Using AJA Card or Replayer as I/O#

./dev_container build_and_run ai_surgical_video

Using Holoscan Sensor Bridge as I/O#

When using the workflow with --source hsb, it requires the Holoscan Sensor Bridge software to be installed. You can build a Holoscan Sensor Bridge container using the following commands:

git clone https://github.com/nvidia-holoscan/holoscan-sensor-bridge.git
cd holoscan-sensor-bridge
git checkout hsdk-3.0
./docker/build.sh

This will build a docker image called hololink-demo:2.0.0.

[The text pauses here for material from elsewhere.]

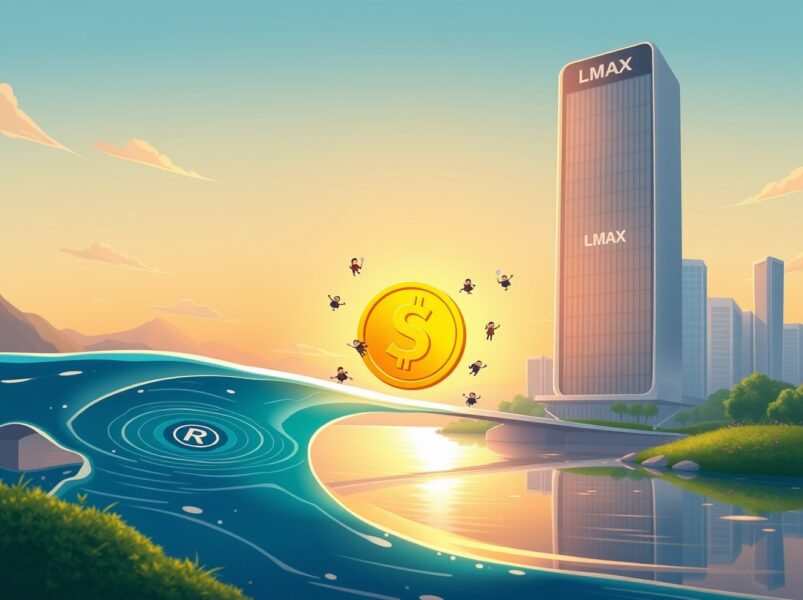 Ripple’s Strategic Masterstroke: $150M LMAX Partnership to Propel RLUSD as Premier Institutional Collateral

Once you have built the Holoscan Sensor Bridge container, you can build the Holohub container and run the workflow using the following command:

./dev_container build_and_run --base_img hololink-demo:2.0.0 --img holohub:link ai_surgical_video --run_args " --source hsb"

Advanced Usage#

Building the Application#

First, you need to run the Holohub container:

./dev_container launch --img holohub:link 

Then, you can build the workflow using the following command:

./run build ai_surgical_video

Running the Application#

Use Holohub Container from Outside of the Container#

Using the Holohub container, you can run the workflow without building it again:

./dev_container build_and_run --base_img hololink-demo:2.0.0 --img holohub:link --no_build ai_surgical_video

However, if you want to build the workflow, you can just remove the --no_build flag:

./dev_container build_and_run --base_img hololink-demo:2.0.0 --img holohub:link ai_surgical_video

Use Holohub Container from Inside the Container#

First, you need to run the Holohub container:

./dev_container launch --img holohub:link 

To run the Python application, you can make use of the run script:

./run launch ai_surgical_video

Alternatively, you can run the application directly:

cd <HOLOHUB_SOURCE_DIR>/workflows/ai_surgical_video/python
python3 ai_surgical_video.py --source hsb --data <DATA_DIR> --config <CONFIG_FILE>

TIP: You can get the exact "Run command" along with "Run environment" and "Run workdir" by executing:

./run launch ai_surgical_video --dryrun

Command Line Arguments#

The application accepts the following command line arguments:

Argument Description Default
-s, --source Source of video input: replayer, aja, or hsb replayer
-c, --config Path to a custom configuration file config.yaml in the application directory
-d, --data Path to the data directory containing model and video files Uses the HOLOHUB_DATA_PATH environment variable
--headless Run in headless mode (no visualization) False
--fullscreen Run in fullscreen mode False
--camera-mode Camera mode to use [0,1,2,3] 0
--frame-limit Exit after receiving this many frames No limit
--hololink IP address of Hololink board 192.168.0.2
--log-level Logging level to display 20
--ibv-name IBV device to use First available InfiniBand device
--ibv-port Port number of IBV device 1
--expander-configuration I2C Expander configuration (0 or 1) 0
--pattern Configure to display a test pattern (0-11) None
--ptp-sync After reset, wait for PTP time to synchronize False
--skip-reset Don't call reset on the hololink device False

Benchmarking#

Please refer to Holoscan Benchmarking for how to perform benchmarking for this workflow.